I feel sad for Dad, but I didn’t cause his financial problems and I’m not responsible for solving them.

My parents owe me $500 or so, which I’ve actually forgotten about and I don’t intend to ask them for — but I’m not going to let my mother try to make me feel guilty.

One reason I’ll be glad to be back in New York is so that I can be away from my family, especially Mom. I feel I don’t want my parents involved in my life — not that they show much interest anyway.

Dad was summoned for a sales meeting for Palmetto’s — a line he never should have accepted — and they sent him tickets to fly back and forth today. However, since the menswear show at the Coliseum is also in New York, he’s going to stay on through Sunday and Monday.

I felt bad for him because he didn’t look well, and I know from experience how flying with a cold can be dangerous.

At least he’ll be free on Friday and Saturday and can rest up. In fact, I wish I could get to New York for a few days.

Getting back to what happened yesterday (Wednesday), I awoke to find my photo in the final item in Steve Bousquet’s column in the Herald:

“Richard Grayson, the guy who argued for voting rights for horses when he ran for Davie Town Council, is now a ha-ha hopeful for state education commissioner. Check these credentials: He taught English at BCC and now studies at FIU and FAU. How he avoided Nova remains a mystery. Grayson has a name for Broward’s new four-year university.
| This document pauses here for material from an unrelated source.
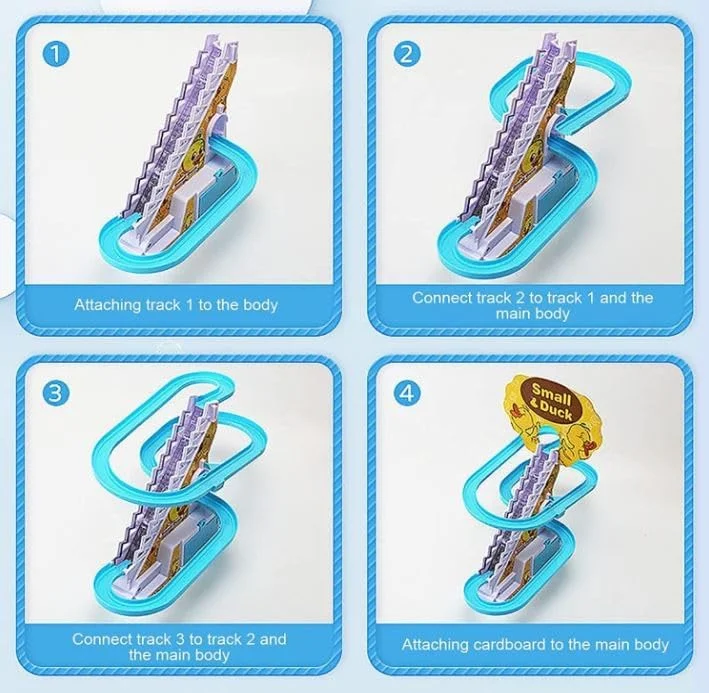 Musical Duck Climbing Stairs Toy - Battery Operated Track Toy with 6 Cute Ducks, Educational Baby Gift - KT196132 view 12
Since Tampa took the name University of South Florida, he suggests University of Very South Florida.”

“Very Funny” was the caption of the piece, and I was very pleased. It’s a witty item that would also make a point to anyone who understands how Florida’s state university system works.

Yesterday I also got my advance registration notice for FAU; in two weeks I’ll register for some courses for summer term B and drop them when I come in to pick up my guaranteed student loan check.

After a dreadful lunch at a terrible “Sichuan-Hunan” restaurant in Fort Lauderdale, I went to the Unemployment office to sign for my last check and got a nice surprise: I’m eligible for eight weeks of extended benefits.

Obviously, I’m not going to stick around Florida just to collect the checks. I have to return to Unemployment in two weeks. Hopefully, I can mail in the following two claim forms so I won’t have to extend my stay here till May 1 (six Wednesdays from now).

As for the last check, to be signed for on May 15, I’ll forgo it; after all, I didn’t expect to get any more money after this week.

In our BASIC class, we had a quiz on which I probably got 100% — at least I know I didn’t blow it like the last one.

Between classes, I went to the the Pit Stop to get a sandwich and encountered a girl who’d been in my English 101 and 102 classes several years ago.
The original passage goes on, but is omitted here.